On the Democratic side, both NBC's Andrea Mitchell and CBS' Byron Pitts played catch-up with ABC's report by Kate Snow (embargoed link) on Friday about the introduction of racial history into the contest between Hillary Rodham Clinton and Barack Obama. The only explicit reference to race by either turned out to be a comment by Rodham Clinton to FOX News Channel concerning Martin Luther King last week. NBC's Mitchell replayed it: "Dr King's dream began to be realized when President Johnson passed the Civil Rights Act of 1964."

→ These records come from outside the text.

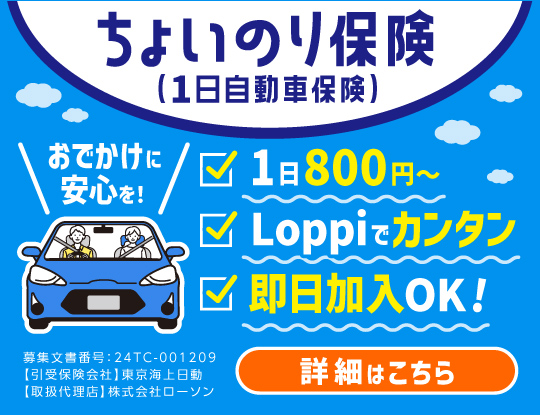 １日自動車（ちょいのり）保険はローソンLoppiで！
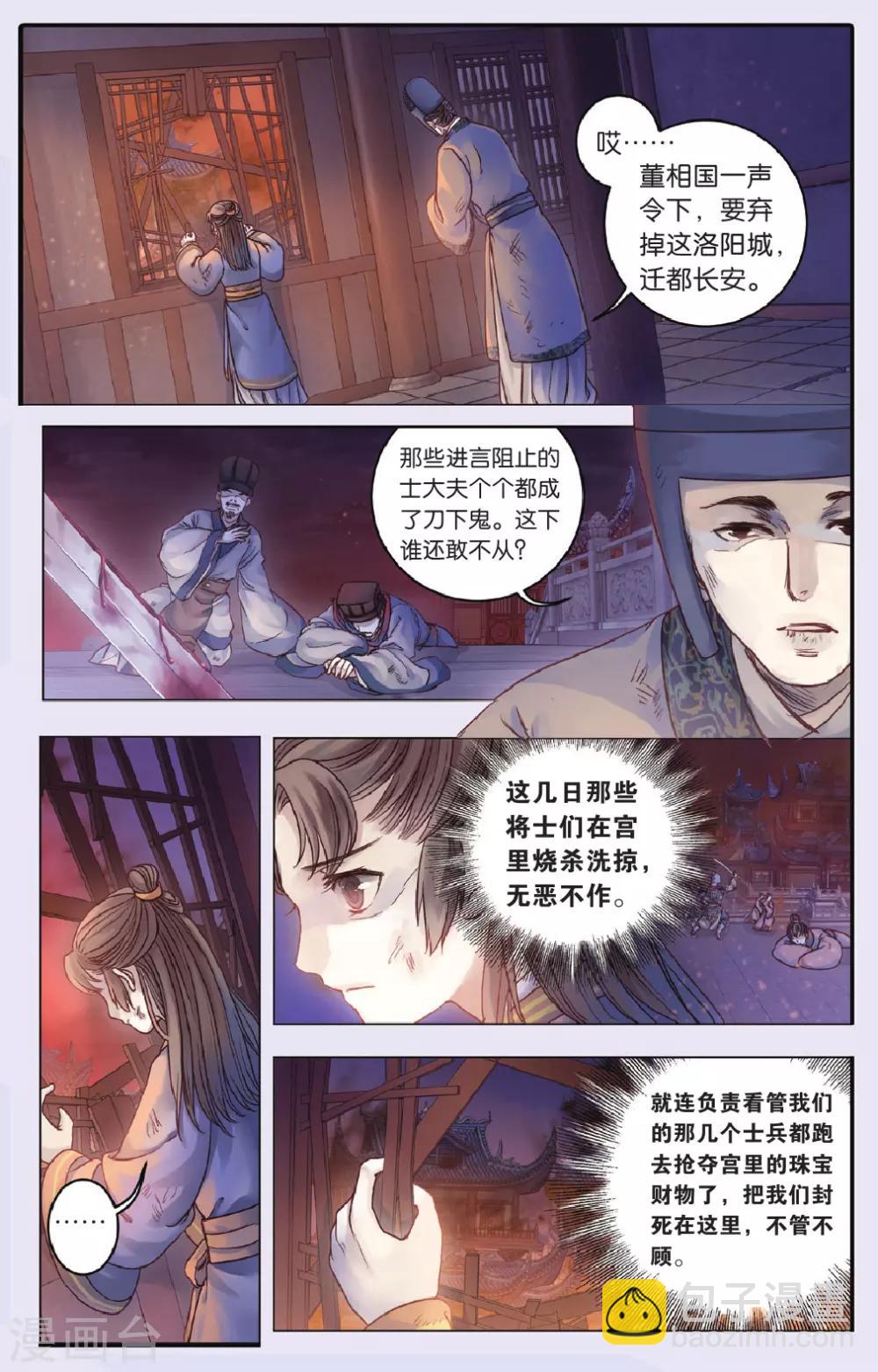 第71话 玉带钩(上)-第72话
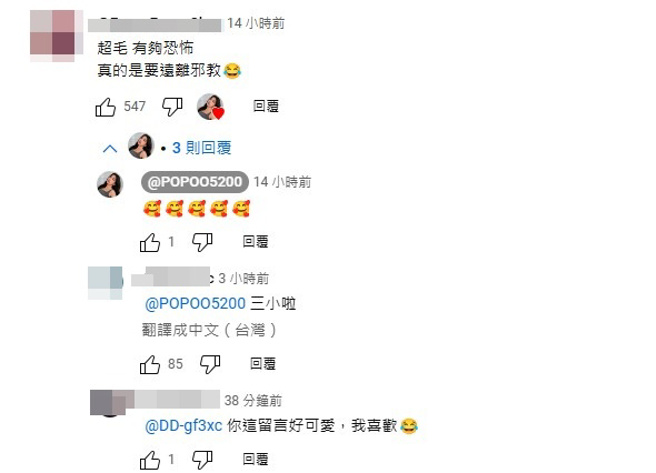 网友把家寧跟邪教扯上边。（图／秘月期POPOO Youtube）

Her words amount to a thin straw on which to base a controversy. Admittedly, NBC's Mitchell is accurate when she offered the correction that "historians of the period say King deserves the lion's share of the credit"--but even that is a long way from finding Rodham Clinton to be in error. Then, Mitchell narrated, "instead of apologizing" Rodham Clinton "blamed the Obama Campaign for distorting her remarks." Obama responded by calling the distortion charge "ludicrous." CBS' Pitts sat down with Obama to ask why not stop the back and forth. "It is more back than forth. This is strategy on their part…We are sort of entering the silly season in politics right now." ABC's George Stephanopoulos saw both campaigns "trying to tamp down this racial debate. They thought it was hurting both of them. They essentially declared a ceasefire." The Democrats debate in Nevada Tuesday night on MSNBC. "People here are more concerned about jobs than political bickering about race," Pitts concluded.

NBC's Brian Williams, anchoring from Los Angeles, hit the nail on the head when he cited unidentified "cooler heads" in the Democratic Party who called the spat "much ado about very little." But, then, if they are correct, it was inflammatory for Williams to assign Andrea Mitchell to turn it into a story.